Datuk Seri Azmin Ali (right) and Rafizi Ramli at PKR headquarters in Petaling Jaya on September 21, 2018. — Picture by Yusof Mat Isa
Datuk Seri Azmin Ali (right) and Rafizi Ramli at PKR headquarters in Petaling Jaya on September 21, 2018. — Picture by Yusof Mat Isa

KUALA LUMPUR, Nov 9 — Datuk Seri Azmin Ali will know whether he will still be the deputy president of PKR or just an ordinary member by Sunday when three divisions in Sabah and all the divisions in Sarawak complete their voting.

He is up against all odds to keep his post as his contender Rafizi Ramli, who is the former party vice-president, is on an aggressive onslaught to unseat him, no matter what the cost.

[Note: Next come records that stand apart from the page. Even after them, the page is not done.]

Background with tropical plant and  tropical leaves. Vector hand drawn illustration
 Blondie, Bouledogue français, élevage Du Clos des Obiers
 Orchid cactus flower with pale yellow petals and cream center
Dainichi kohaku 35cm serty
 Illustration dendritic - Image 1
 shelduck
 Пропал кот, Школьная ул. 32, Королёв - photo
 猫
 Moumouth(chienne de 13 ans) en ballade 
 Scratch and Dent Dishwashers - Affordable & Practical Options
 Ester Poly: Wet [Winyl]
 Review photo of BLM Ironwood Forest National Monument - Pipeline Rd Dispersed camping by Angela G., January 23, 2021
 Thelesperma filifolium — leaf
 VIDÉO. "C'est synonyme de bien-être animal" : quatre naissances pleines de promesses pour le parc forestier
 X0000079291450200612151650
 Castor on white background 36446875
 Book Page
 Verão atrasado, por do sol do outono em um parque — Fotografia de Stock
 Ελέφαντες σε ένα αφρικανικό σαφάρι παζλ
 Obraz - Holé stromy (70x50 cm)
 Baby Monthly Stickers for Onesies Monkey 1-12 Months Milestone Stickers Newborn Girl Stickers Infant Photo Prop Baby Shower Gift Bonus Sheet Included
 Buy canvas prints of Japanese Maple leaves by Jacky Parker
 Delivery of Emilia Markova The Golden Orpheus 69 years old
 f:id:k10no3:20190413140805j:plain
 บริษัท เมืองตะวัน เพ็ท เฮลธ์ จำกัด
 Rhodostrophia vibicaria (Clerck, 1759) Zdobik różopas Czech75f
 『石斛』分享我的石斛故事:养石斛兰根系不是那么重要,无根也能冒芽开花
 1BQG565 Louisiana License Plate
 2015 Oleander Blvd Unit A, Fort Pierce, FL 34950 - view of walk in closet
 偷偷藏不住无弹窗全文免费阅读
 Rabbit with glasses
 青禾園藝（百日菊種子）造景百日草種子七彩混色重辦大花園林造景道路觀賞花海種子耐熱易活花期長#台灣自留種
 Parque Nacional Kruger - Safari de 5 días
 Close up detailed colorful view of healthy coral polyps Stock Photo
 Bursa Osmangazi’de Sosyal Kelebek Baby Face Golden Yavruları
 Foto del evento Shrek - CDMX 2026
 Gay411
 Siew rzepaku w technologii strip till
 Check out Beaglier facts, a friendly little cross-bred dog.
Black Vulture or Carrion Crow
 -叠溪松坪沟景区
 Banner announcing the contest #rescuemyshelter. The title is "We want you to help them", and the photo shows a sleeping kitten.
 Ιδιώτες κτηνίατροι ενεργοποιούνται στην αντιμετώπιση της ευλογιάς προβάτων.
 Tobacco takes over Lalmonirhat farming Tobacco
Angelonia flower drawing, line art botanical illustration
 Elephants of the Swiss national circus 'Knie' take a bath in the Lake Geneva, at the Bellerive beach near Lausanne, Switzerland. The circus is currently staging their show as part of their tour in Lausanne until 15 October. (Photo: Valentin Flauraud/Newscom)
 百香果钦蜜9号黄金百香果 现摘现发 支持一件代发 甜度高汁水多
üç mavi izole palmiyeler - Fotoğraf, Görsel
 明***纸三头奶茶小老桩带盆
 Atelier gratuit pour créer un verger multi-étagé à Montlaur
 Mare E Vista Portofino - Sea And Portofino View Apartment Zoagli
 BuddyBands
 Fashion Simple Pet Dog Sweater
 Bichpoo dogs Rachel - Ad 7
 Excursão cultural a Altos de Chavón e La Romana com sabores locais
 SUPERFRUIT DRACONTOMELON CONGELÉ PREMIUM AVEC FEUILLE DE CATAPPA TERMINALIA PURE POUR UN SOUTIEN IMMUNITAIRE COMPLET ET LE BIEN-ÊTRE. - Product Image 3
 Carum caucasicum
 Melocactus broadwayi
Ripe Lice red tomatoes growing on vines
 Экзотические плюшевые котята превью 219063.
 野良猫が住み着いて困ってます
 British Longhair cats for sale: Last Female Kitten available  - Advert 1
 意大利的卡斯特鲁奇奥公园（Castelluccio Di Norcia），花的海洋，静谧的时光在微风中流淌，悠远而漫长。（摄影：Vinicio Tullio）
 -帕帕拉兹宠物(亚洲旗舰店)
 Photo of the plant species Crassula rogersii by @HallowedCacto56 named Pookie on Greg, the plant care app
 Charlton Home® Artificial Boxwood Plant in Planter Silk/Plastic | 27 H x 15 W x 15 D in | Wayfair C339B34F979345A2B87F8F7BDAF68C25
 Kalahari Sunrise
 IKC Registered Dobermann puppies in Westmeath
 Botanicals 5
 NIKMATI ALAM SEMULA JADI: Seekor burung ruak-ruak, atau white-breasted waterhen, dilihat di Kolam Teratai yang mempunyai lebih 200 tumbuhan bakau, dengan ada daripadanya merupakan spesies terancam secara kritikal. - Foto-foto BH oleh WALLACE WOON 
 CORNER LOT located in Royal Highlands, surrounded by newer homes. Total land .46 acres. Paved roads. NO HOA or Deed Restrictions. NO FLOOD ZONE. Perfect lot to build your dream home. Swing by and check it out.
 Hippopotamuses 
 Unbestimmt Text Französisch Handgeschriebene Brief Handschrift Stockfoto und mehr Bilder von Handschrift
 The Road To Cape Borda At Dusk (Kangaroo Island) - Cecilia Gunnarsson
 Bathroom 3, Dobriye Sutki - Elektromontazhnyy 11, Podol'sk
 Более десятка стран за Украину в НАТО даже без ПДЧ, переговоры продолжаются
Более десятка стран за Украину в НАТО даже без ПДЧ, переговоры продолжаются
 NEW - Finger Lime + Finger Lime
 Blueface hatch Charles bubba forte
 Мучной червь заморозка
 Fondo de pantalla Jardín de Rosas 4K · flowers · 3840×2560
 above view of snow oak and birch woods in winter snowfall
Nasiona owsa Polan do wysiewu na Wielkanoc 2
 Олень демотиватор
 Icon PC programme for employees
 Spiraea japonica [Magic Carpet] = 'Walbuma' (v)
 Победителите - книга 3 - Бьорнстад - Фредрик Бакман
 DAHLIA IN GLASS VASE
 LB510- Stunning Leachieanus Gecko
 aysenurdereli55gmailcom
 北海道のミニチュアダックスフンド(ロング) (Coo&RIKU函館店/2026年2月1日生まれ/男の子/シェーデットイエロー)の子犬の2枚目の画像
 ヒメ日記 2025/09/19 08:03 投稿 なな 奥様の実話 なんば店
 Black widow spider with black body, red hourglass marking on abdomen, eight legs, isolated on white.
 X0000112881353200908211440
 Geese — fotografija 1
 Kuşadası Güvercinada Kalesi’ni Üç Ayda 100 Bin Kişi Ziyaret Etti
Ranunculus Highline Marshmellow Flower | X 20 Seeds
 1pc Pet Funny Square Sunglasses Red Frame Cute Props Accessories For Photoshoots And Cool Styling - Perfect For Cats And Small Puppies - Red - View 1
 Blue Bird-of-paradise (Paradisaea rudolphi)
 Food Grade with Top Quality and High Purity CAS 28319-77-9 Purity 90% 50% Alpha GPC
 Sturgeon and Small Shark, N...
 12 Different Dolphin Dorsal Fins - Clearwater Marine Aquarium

It is as though the whole party leadership is ganging up against him, perhaps as a form of payback to the time when Azmin secured the Selangor mentri besar post, which was supposed to have been given to outgoing party president Datuk Seri Dr Wan Azizah Wan Ismail.

Added to the growing list of attacks against the incumbent PKR deputy president is his perceived close ties to Prime Minister Tun Dr Mahathir Mohamad.

Some PKR members are still wary of Dr Mahathir, despite the fact that he has repeatedly promised that Datuk Seri Anwar Ibrahim is the prime minister in-waiting.

Azmin’s appointment as minister of economic affairs, a post created by Dr Mahathir, has set tongues wagging and speculation is that the former is being groomed to be the next PM instead of Anwar.

PKR’s election has been a right mess. No one has raised alarm bells over the many problems faced during the e-voting process — complaints from members, reports of irregularities lodged with the Malaysian Anti-Corruption Commission (MACC) as well as the most visible where even dead people were supposedly registered as members and eligible to vote.

Even results of other states that had conducted and completed the e-voting are suspicious as the lead or majority for either Azmin or Rafizi was only by few hundred voters.

But the odds look to be stacked against Azmin, at least right now.

While other PKR leaders aligned to him look to be winning the party’s Youth and Wanita wings, he is still struggling to maintain a convincing lead, as Rafizi inches closer and closer to unseating him as deputy president.

Whether Azmin makes it or not in defending his deputy presidency is one big question. It is understood that he will most likely have to give up his Cabinet post should he lose.

Another question is that where does Azmin go should he lose? What of his political future? Should he join PPBM? And will he go quietly? Will his supporters within PKR accept a defeat?

We’ll find out once the election ends this Sunday. After all, anything can happen in politics.